Female orthodontist looking in dental mirror while placing alginate impression putty form into woman mouth

Analog vs Digital Impressions: Which Is a Better Choice for Your Dental Practice?

Dental impressions underpin all restorative therapies. All parties—patients, dental professionals, and laboratory technicians—need correct impressions for treatment planning and lab fabrication. Techniques and materials might make accurate imprints difficult. While material selection is debated, most dentists believe that technique is the most critical component in generating excellent impressions. Stomadent Dental Labs can help you make the best choice. https://stomadentlab.com/

Polysulfides, a laborious, foul-tasting solution, were the first elastomeric imprint material over 50 years ago. Polyether substance has good hydrophilic properties and fluidity, but terrible taste, low tear strength, difficulty mixing, and stiffness upon removal. Polyether imprint materials were improved in the 1970s. Hydrophobic vinyl polysiloxane (VPS) materials had good tear strength, neutral flavor, flexibility upon removal, and dimensional stability. New vinyl polyether silicone combines VPS rip strength, dimensional stability, and polyether wettability and flow. 

As dental technologies continue to advance, digital dental impressions provide an alternative. Digital imprints improve restorative fit and anatomical correctness. Because dentists can see preparations instantly, digital impressions help them build better restoratives. 

Digital impression-taking saves patients and dentists from painful and stressful impression-taking techniques. Oral scanners bypass the soft palate, reducing patient pain and gag reflex compared to older procedures. Without impression material, shipping, model storage, or model sterilization, digital impressions are convenient. Digital impressions reduce a dental office’s “footprint” by eliminating imprint trays, supplies, storage, overhead, and inventory. Digital impressions are limited by scanner size, the ability to record just what the scanner can view, and diminished efficiency when blood, saliva, or contaminants are present in the mouth cavity. 

Finances 

The average conventional imprint with stock tray costs $18–$35.  However, digital impression systems cost between $20,000 and $30,000. They demand initial investment, time to master the system, and employee training. The typical digital model cost depends on whether the system is rented or owned and how often it is used. The real benefits are case-management improvement and time-savings. Digital impressions provide speedier restorations, faster manufacturing, and less occlusal correction. Digital impressions are faster and more accurate.

Implantability 

Traditional impression materials were used to locate dental implants until recently. New cooperation between implant firms and digital scanner manufacturers have produced viable digital sensor systems for implant treatments.
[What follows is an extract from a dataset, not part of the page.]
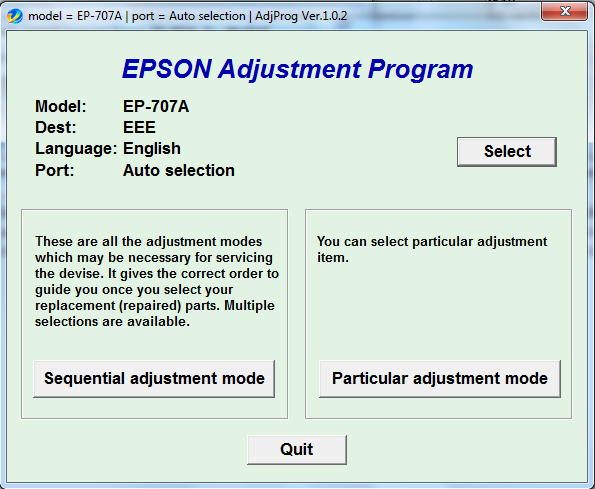 Adjustment program Epson EP-707A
The FDA authorized digital impression systems for implant coded healing abutments in 2011. Digital impressions reduce impression copings. Now, facets on the occlusal surfaces of the abutments indicate the implant platform diameter, healing abutment height, implant hex location, and emergence profile diameter. 3-D digital imprints allow accurate guided-surgical implantation and more predictable results. 

Oral scanner technology also sends implant information and abutment design to laboratory facilities for production or for a quick prototype model. Then the dental lab may make the final restorations. Digital impressions may be utilized for full-arch restorations down to single crowns, veneer jobs, implants, inlays, and onlays. But traditional impressions are employed for abutment manufacture and implant insertion.

Conclusion 

Digital imprint systems are expensive for dental practices. Digital systems are convenient and error-free, but they need a large investment and learning curve. Digital technology and conventional materials can create any restorative impressions, including implant impressions. Traditional impressions will still be used in 3–5 years, even though most will be digitized.